I was pleased to leave the office for the day, even if I did have to be civil with Peter.  A good soak and a good night sleep meant I could start investigating, refreshed, tomorrow.

I hope you've enjoyed reading, but I really feel this part feels a bit rushed.  Do let me know what you think!  I hate too much repititon in a story, and feel like I have repeated Mrs Mcdonald's name too much.  

Laters, Janet 


Saturday, 11 July 2015

Cluedo and Crime Fiction

Hi readers

As promised, today's post will compare Cluedo to crime fiction.  When I was young, I have a memory of Cluedo as a TV program.  The same characters appeared each week like Colonel Mustard, Mrs Peacock, Professor Plum and Miss Scarlett.  There were also a a range of weapons and a range of rooms in a manor house and someone was murdered and you had to guess who it was and with what weapon.  The board game is pretty similar, you choose cards and guess which room the murder is in, who committed the murder and what weapon they used.  The show and game always stick in mind because I suppose it was the first introduction to whodunit crime.

So, I got thinking, why did I like it so much?  Well this is obvious for me, I loved guessing.  I liked the concept of the game, thinking about the clues and piecing everything together.  Even though it was the same character each week, I didn't tire, because each week had a different victim and a different motive.  I was certainly hooked!

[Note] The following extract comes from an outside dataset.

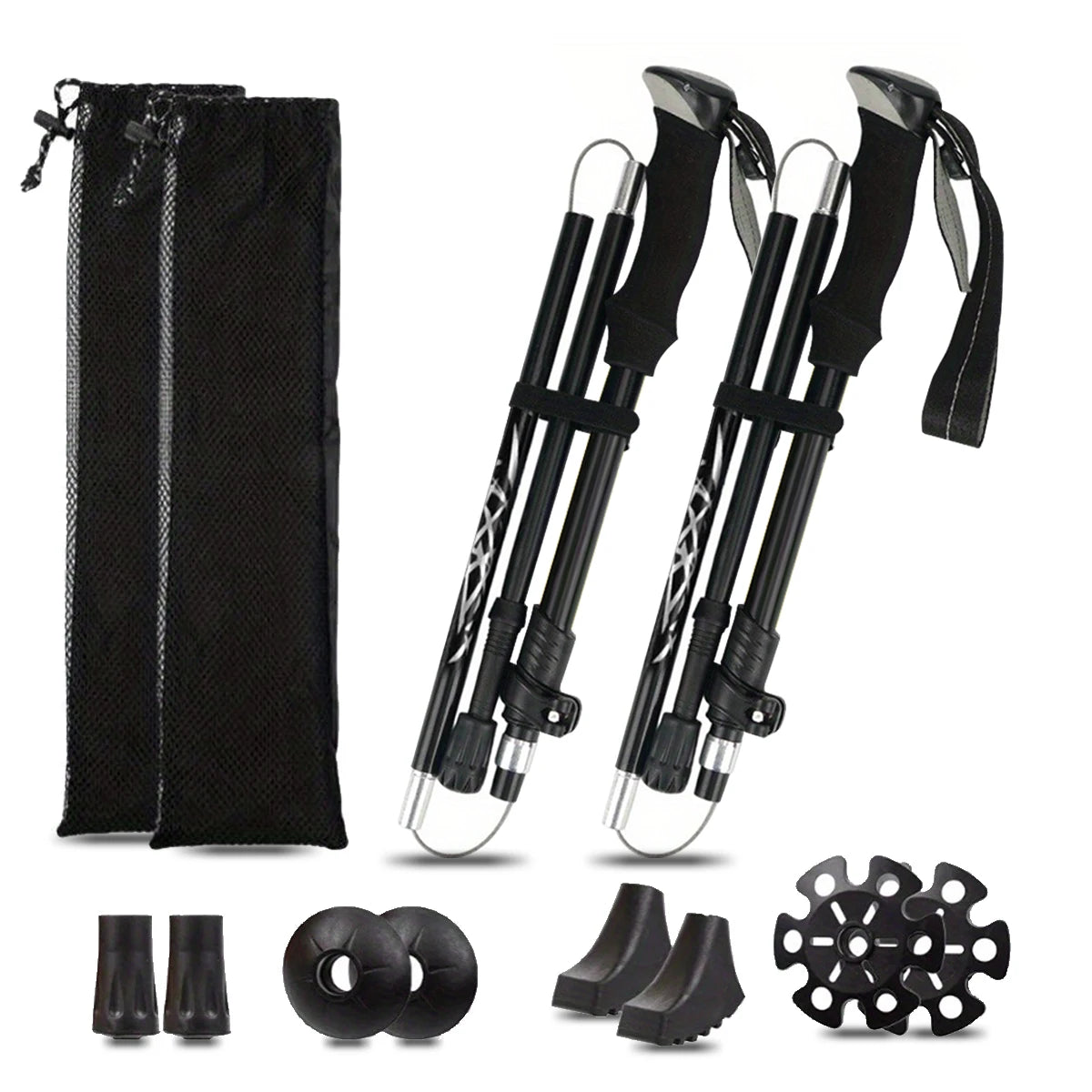 Ultralight Aluminum Alloy 5-Section Folding Trekking Pole—Ideal for Outdoor Hiking, Mountaineering, and Walking; Sturdy and Durable.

When I think about writing a piece of crime, I always think about Cluedo so I thought we could have a  bit of fun here by suggesting a Cluedo style writing exercise to get your creative juices flowing.

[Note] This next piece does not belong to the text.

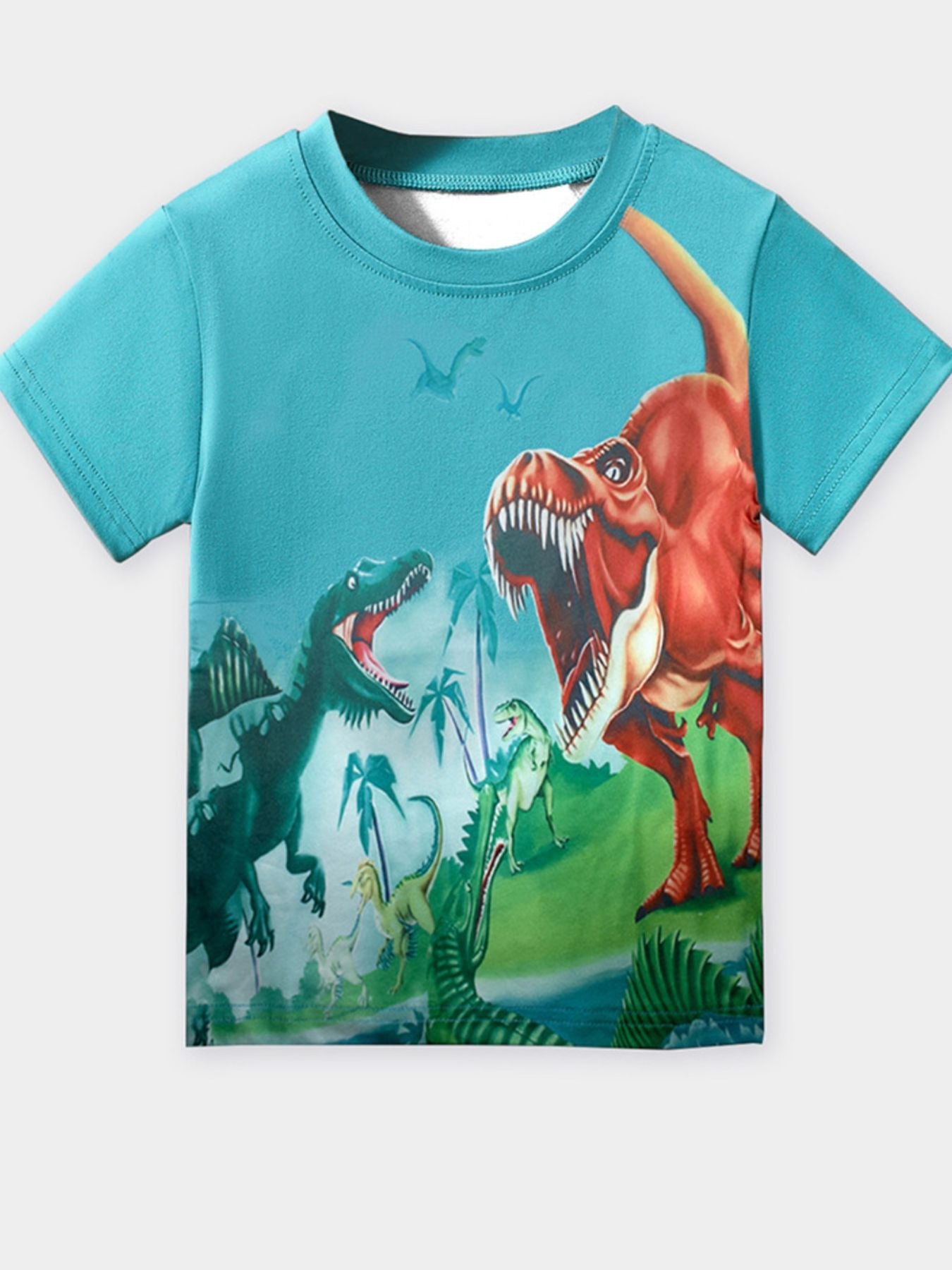 Children's Dinosaur Crew Neck Short Sleeve T-Shirt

I did suggest when writing my tips yesterday that you try to think of about five murder suspects for your story so by completing these exercises you can create these.

First, write down five suspect names.  Give them a title, Master, Miss, Mrs, Mr, Dr - anything you like.  Cut them out into card shapes, shuffle, and place face down.

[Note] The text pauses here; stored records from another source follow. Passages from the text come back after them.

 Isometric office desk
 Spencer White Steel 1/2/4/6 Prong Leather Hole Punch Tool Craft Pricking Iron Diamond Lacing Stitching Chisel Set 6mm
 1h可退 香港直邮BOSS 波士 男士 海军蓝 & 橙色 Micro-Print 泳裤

Then write down five choices of weapons.  Cut them out into card shapes, shuffle, and place face down.

Then write down five places that the murder could take place.  Cut them out into card shapes, shuffle, and place face down.

So now you need to choose your killer, your weapon and your place at random.

You need to build a profile on your character so imagine that you are the detective, and need to interview your suspect:
First of all write down personal details; name, address, age, date of birth.  
Describe your suspect - what do they look like (hair colour, eye colour, size, any distinct features)?
What do they like? What do they dislike?  
Do they have any family and if so who - maybe they have a mother, or are married, or have children?
Are they employed? What job do they do? What have they studied?

Once you have done this start asking yourself;

How did the killer commit the murder?
When did they commit the murder?
Why did they commit the murder?
Who did they kill?
Describe where (the place) the victim was killed?
Describe what they murderer did next?  

Then consider what drove your killer to commit this murder - what happened?  Coming up with a motive is important to establish a believable killer.  

You can also do this for your suspects too, but instead of asking the final questions (how, when, what, where, why, who) think about why you think they are the murderer? What would their motive be?  When you have a series of suspects, they also need to be believable and in order for them to fit into the category of 'suspect' the detective must have a reason to suspect them in the first place.

You can also ask the profile questions about your detective character too in order to build a sound profile that is believable.

Having believable characters will help you to focus in on any research you might have to complete in order to complete your story.

Building up a profile and answering these questions can really help you begin your story, so just for fun, give it a go!

It was Professor Plum, in the
Ballroom, with the Hammer
Can you think of any other questions or activities that can be done to help you create a  believable character for your story?  Please comment if you think there are any I have missed out or if you have your own methods!

Thanks for reading,

Laters, Janet

Friday, 10 July 2015

My Top Ten Tips for Writing Crime Fiction

Please excuse my tardiness dear readers, this post was due on Wednesday but I have been ill with flu. My comparison of Cluedo and Crime Fiction will now be posted tomorrow and then I will be back on track in time for my second story instalment on Sunday.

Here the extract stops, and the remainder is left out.